Task material>
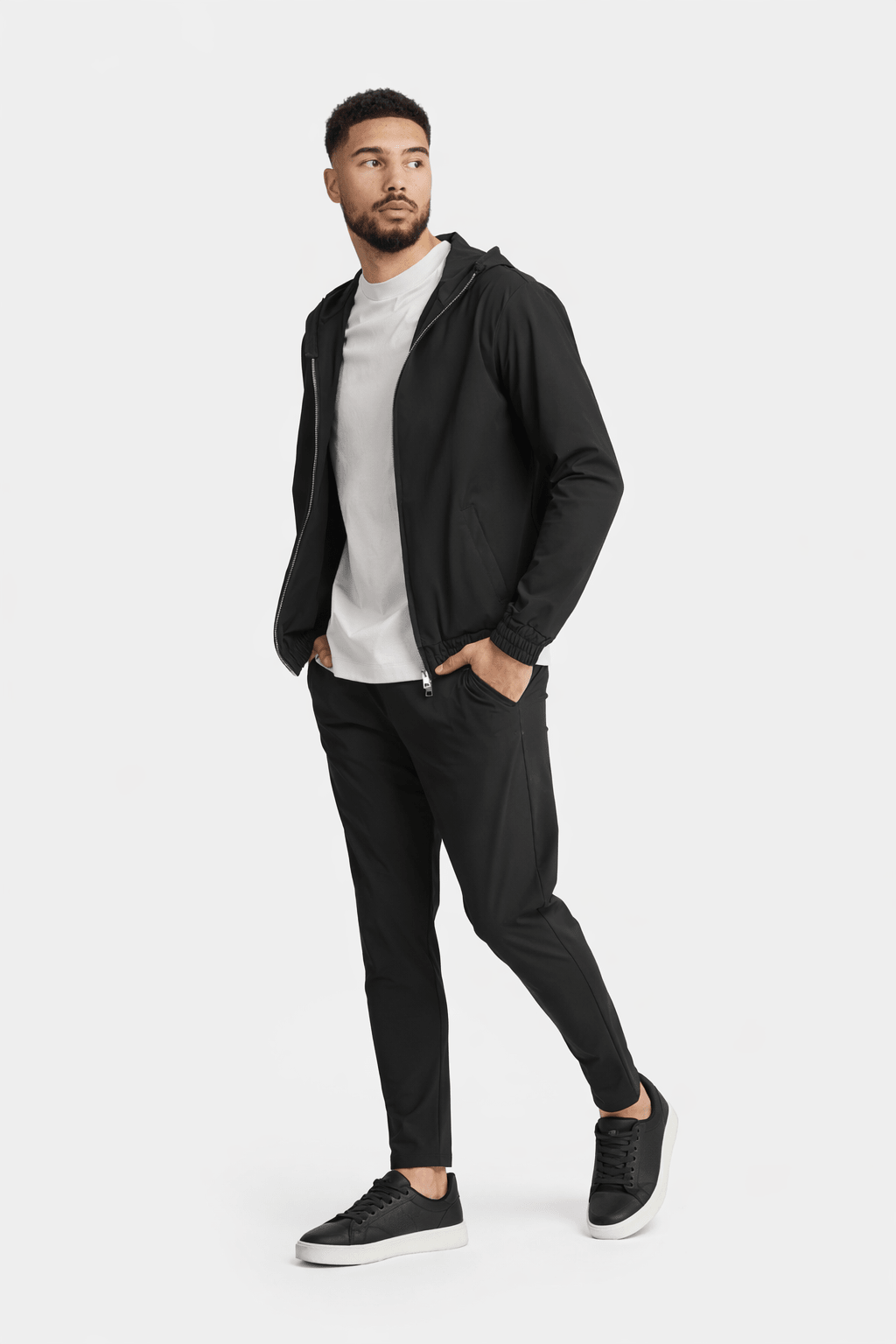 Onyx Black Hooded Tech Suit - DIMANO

...

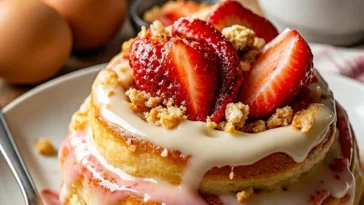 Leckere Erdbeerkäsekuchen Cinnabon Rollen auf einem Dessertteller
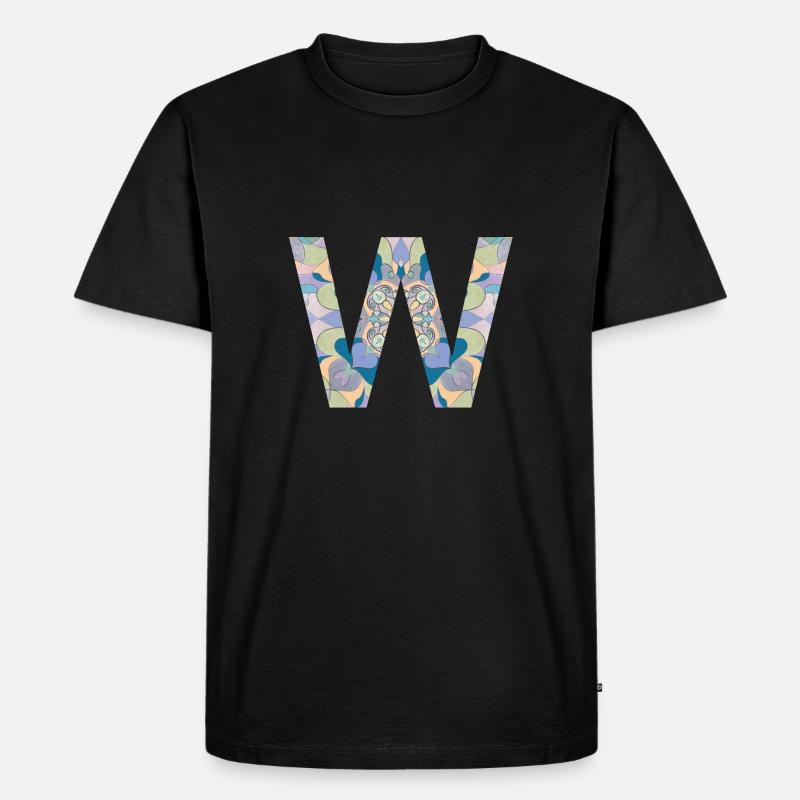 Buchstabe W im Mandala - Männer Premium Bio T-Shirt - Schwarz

--

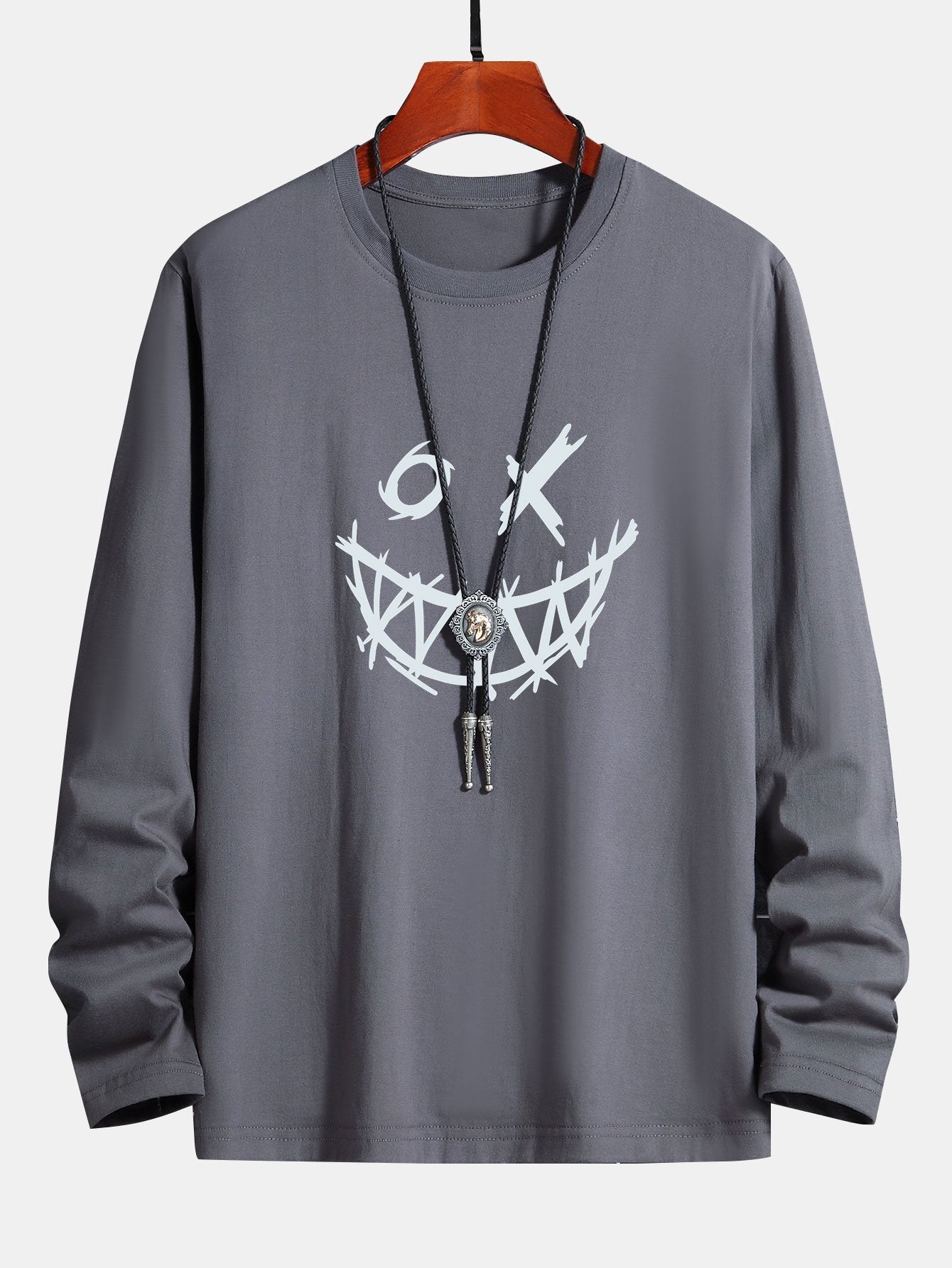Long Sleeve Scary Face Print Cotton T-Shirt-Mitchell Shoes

How to complete this task>
Range to copy from the listing above: the line with "Leckere Erdbeerkäsekuchen Cinnabon" through the line with "Buchstabe W im". Transcribe it exactly and skip the pictures.

Solution>
 Leckere Erdbeerkäsekuchen Cinnabon Rollen auf einem Dessertteller
 Buchstabe W im Mandala - Männer Premium Bio T-Shirt - Schwarz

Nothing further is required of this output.